▸ INSTRUCTIONS TO FOLLOW:
The reply should contain every line of the data, repeated exactly, and no pictures.

▸ GIVEN MATERIAL:
···
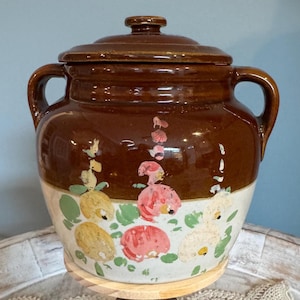 May include: A two-toned ceramic crock with a lid and two side handles. The upper portion is a glossy dark brown, while the lower section is a cream color featuring hand-painted floral motifs in yellow, pink, and green with small green leaves.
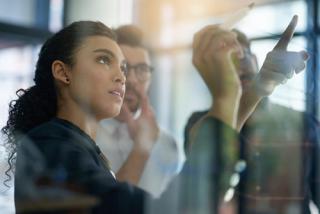 Shot of a group of colleagues brainstorming together on a glass wall in an office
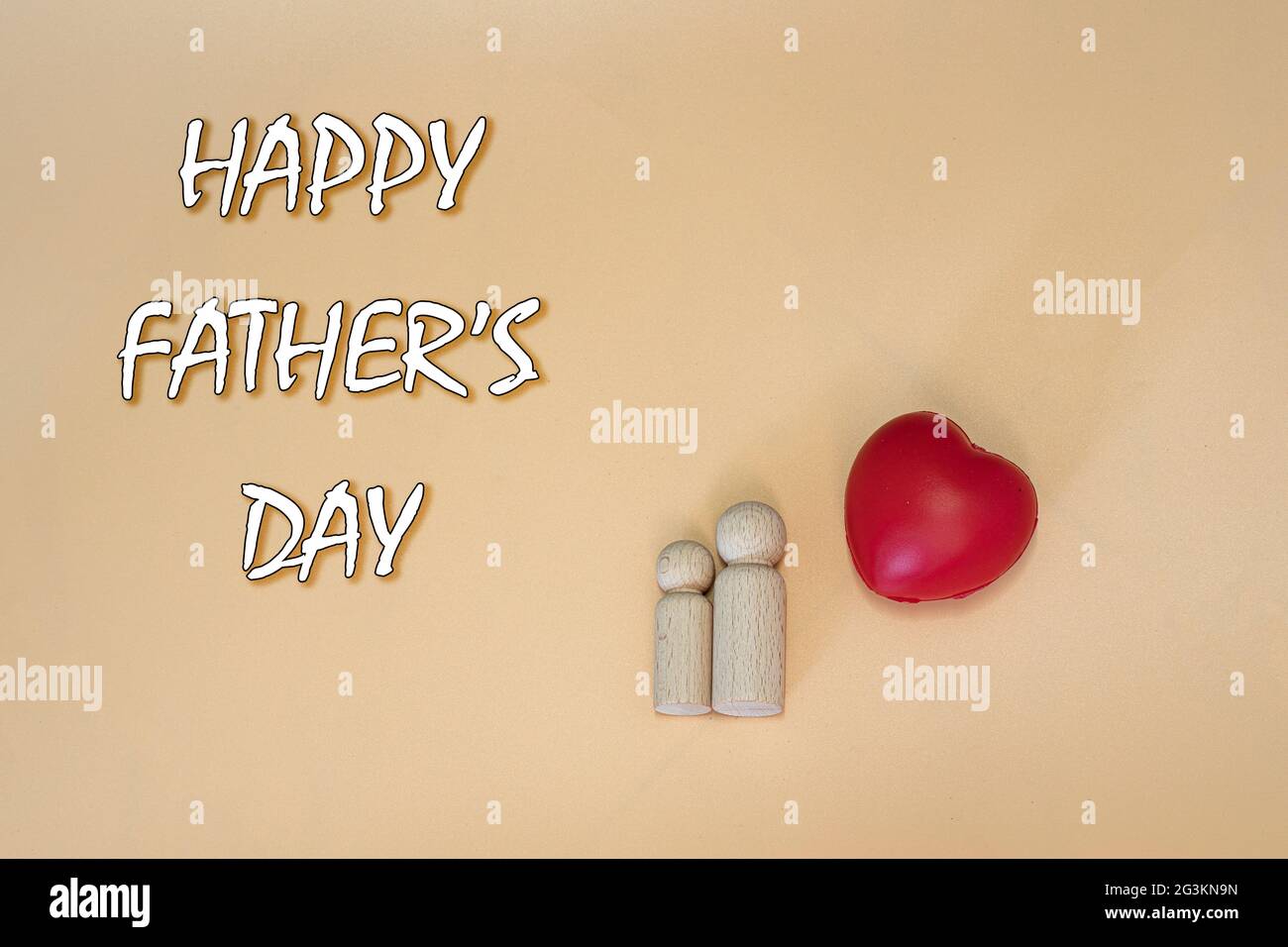 Happy Father's Day Konzept mit zwei Holzfiguren, einem roten Herzen und Text. Stockfoto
···
▸ ANSWER BELOW:
 May include: A two-toned ceramic crock with a lid and two side handles. The upper portion is a glossy dark brown, while the lower section is a cream color featuring hand-painted floral motifs in yellow, pink, and green with small green leaves.
 Shot of a group of colleagues brainstorming together on a glass wall in an office
 Happy Father's Day Konzept mit zwei Holzfiguren, einem roten Herzen und Text. Stockfoto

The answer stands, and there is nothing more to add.